異次元世界への旅ー私の‘’村‘’体験10

10 研鑽学校 2-信じる。残れますか

 「研鑽学校」では、個人の感覚はいかに不確かか、ということを学習させられる。「自分の考えや感じ方を‘’村‘’に預けてしまうことがいいこと」、「自分の判断に頼っているから苦しくなる」と巧みに思わされる。そのことによって、研鑽で決めることの重要性を身につけさせるのだ。

 例えば、「信じる」という研鑽があった。「あなたは何を信じていますか」と聞かれた。「神」と答える人もいたが、私は信仰を持っていないし、関係ないや、と思っていた。
 そうしたら、世話係の人がどこからかポットを持って来た。
 「これは、何ですか」「ポットです」「そのポットとこのポットは同じ物ですか」という問答があった。
 初めはちっともわからなかった。何でいきなりポットを持ち出すのか、それと「信じる」ということとどういう関係があるのか。同じ問いが何回となく繰り返された。
 そして、ある瞬間、それは何かのきっかけがあったとかではなく、私の外の状況はそれまでとまったく同じなのに、ハッと気がついた。
 「そのポット」とは、私が見た、私の頭の中にあるポットなのだ。
 「このポット」とは、ポットそのものなのだ。
 そして、「何を信じているのか」というのも、わかった。それは、信仰の対象としての神や仏を問うているのではない。
 神を信じるとして、神の何を信じるのか。そのとき、信じているのは、実は自分の認識である。信じないことも、自分の判断を信じているのである。神を信じることも、信じないことも、自分の判断を絶対だと信じている点では同じである。

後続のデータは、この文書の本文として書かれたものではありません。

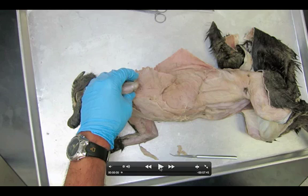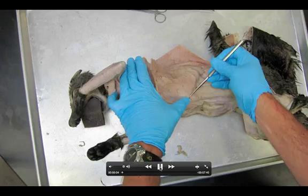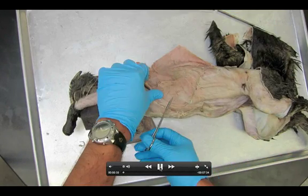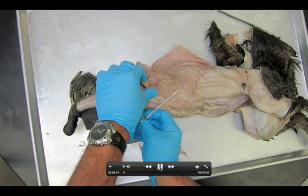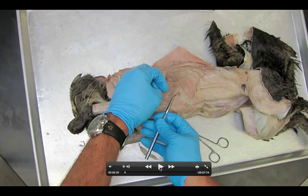Welcome anatomy students. This is our video for dissection number five of the abdominal muscles. First thing we're going to start with on this dissection is we need to locate the ribs. We're going to use our scissors, and we're going to start our first incision on the external obliques over the ribs. It is super important that we all start in the same place.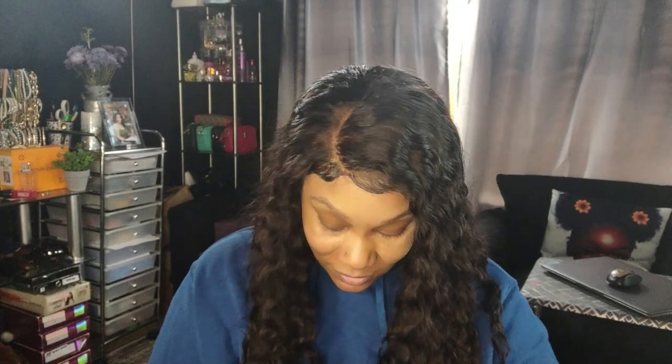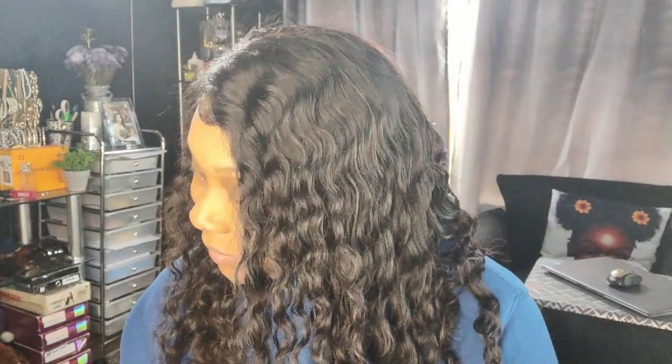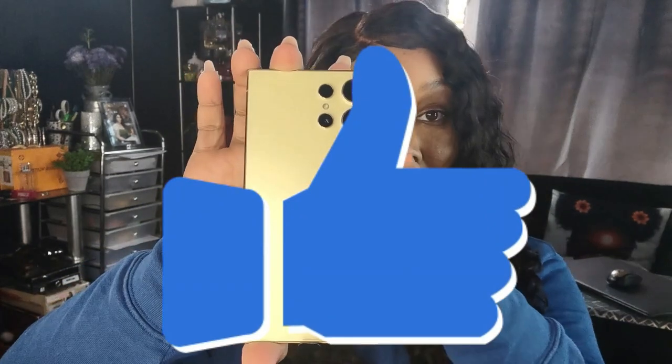I'm too excited — I can't slow down! Look, it's titanium yellow, but it's giving me gold vibes — it doesn't really look yellow to me. Look at all the cameras! Everything's out here. It does have the serial number on the bag which I'll bleep out. I love that it has this S Pen right here — take the pen out, put it back in. I'm loving this!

 しかし、人間の判断や記憶なんて頼りにならないのなら、どうしようもなく、心許ないではないか。信じるものが何もないなら、どうやって支えていけばいいのだろう。それが、研鑽でやっていく、みんなの知恵を集めていく、ということか。
 そう考えて、実に自然に、自分の判断を‘’村‘’に預けていくことになる。

 「研鑽学校」でも「特講」と同じように、「残れますか」の問いがあった。
 「特講」のときには「残れるわけがない」と思っていたのに、このときは残れるような気になっていった。
 その日、「無所有」の研鑽があった。「所有」にこだわるから、争いが生まれる。「所有の観念をなくせば、生きるのが楽になる」と言われた。「無所有」は「共同」とは異なる。共同は「みんなのもの」だが、無所有は「だれのものでもない」と説明された。
 「だれのものでもない」というとき、「一番放せないのはモノでもカネでもなく、子どもですらなく、自分自身ではないか」という意見が出た。そして、「だれが用いてもよい」には、自分も入るのではないか、ということになった。

 その夜である。
 「この研鑽学校が終わっても、引き続き、ここに残って、何でもやれますか」と問われた。
 「特講」のときは、結局、最後まで「残れません」と言ったなぁと思い出した。「残れます」と言えばそれで釈放されるような、強要されるような雰囲気がいやだった。
 「研鑽学校」でも、なかなか「残れます」とは思えなかった。
 周りの人は、1回問われただけでも、待ってましたとばかりに「残れます」と言っていく。何でそんなに簡単に答えられるのだろうか、と不思議でたまらなかった。
 初め私は、「引き続き」はできないと答えた。仕事もあるし、そんな無責任なことはできない。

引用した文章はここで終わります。